NEW LAW ENDS POLICY OF FREE MOUNTAIN SERVICE RECOVERIES

Uninsured hikers stung for costs of mountain rescues

TEN-YEAR-OLD Thomas Gresty was hiking in Račková Dolina valley in the West Tatras mountains with a group of other children at the beginning of July when he got separated from the group and found himself lost in the forest. A rescue team discovered him two days later, exhausted and with head injuries.

Hikers on their way to Mt Kriváň in the High Tatras would do well as of July 1 to be insured.
photo: ČTK

TEN-YEAR-OLD Thomas Gresty was hiking in Račková Dolina valley in the West Tatras mountains with a group of other children at the beginning of July when he got separated from the group and found himself lost in the forest. A rescue team discovered him two days later, exhausted and with head injuries. The 40-hour operation, which involved airplanes and over 100 people, cost about Sk622,000. Who was going to pay the bill?

At first it seemed that Thomas' parents would be on the hook for the costs of the rescue operation, as the organisers of the children's camp that Thomas had been attending had not reminded parents that from July 1, rescue services were no longer free, and that people travelling in the mountains should have accident insurance.

Luckily for the Gresty family, the members of the Mountain Rescue Service (HZS) agreed to forego their wages for the time they spent searching for Thomas, and Prime Minister Robert Fico, Parliamentary Speaker Pavol Paška and Interior Minister Robert Kaliňák offered to pay the expenses.

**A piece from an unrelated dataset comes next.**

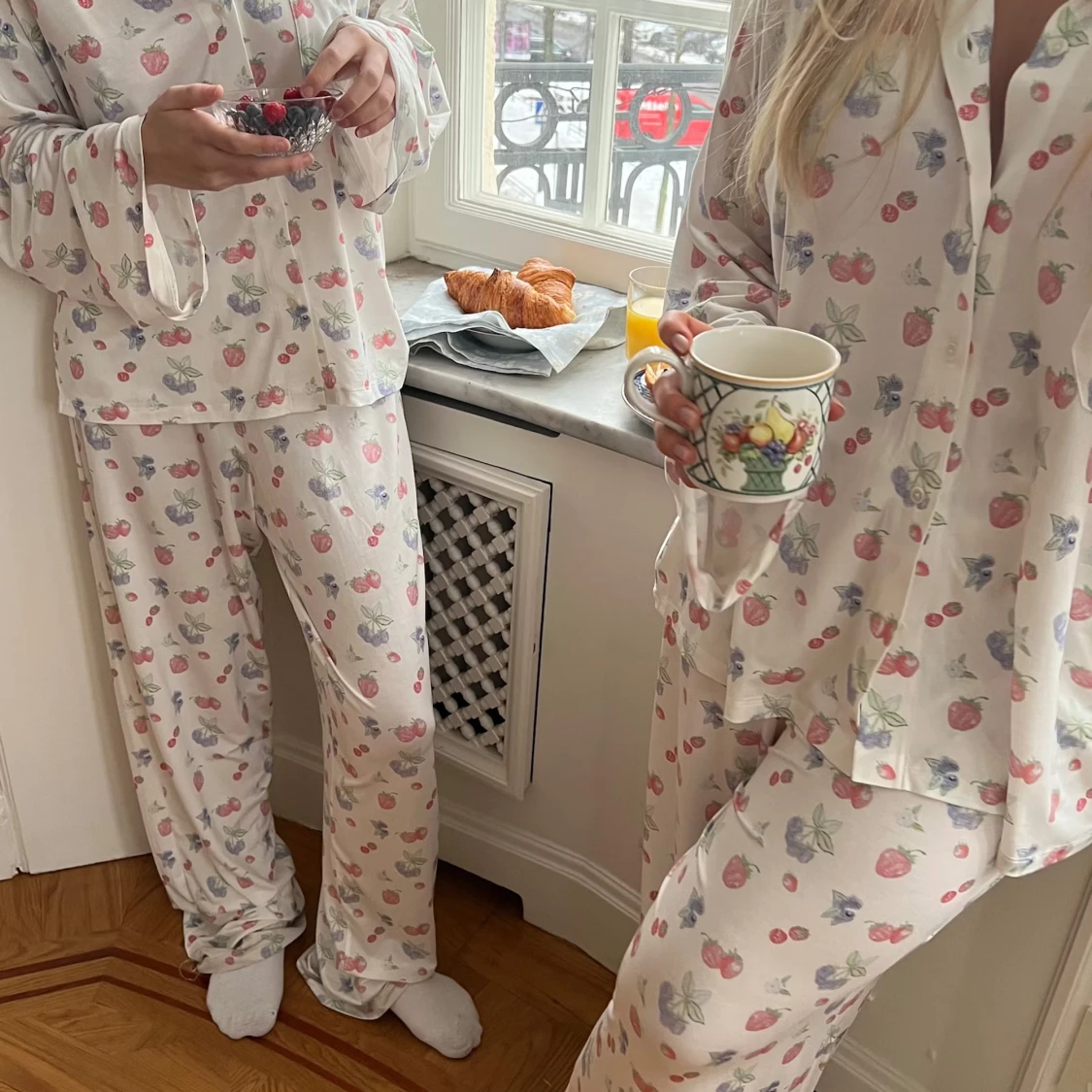 djerf avenue pyjamasbyxor  - 90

But in future, not every tourist who gets lost or injured in the mountains can expect such generosity. According to a recent amendment to the Mountain Rescue Service Act, as of the beginning of July rescue missions carried out by the HZS in Slovakia are no longer free. This means that tourists who do not carry commercial insurance will have to pay for any rescue services rendered by the HZS.

Tourists who ignore the law and need to be rescued could find themselves paying anywhere from several thousand crowns for easier rescue operations to several hundred thousand for more complicated ones. Although 60 percent of rescues performed cost Sk4,500 or less, and only about 12 percent cost more than Sk100,000, it's not a risk worth taking, according to HZS Director Jozef Janiga.

Janiga said that while only half of those who had to be rescued in July were insured, the situation is gradually improving. He expects it could take another two years before people get used to insuring themselves before hiking in the mountains.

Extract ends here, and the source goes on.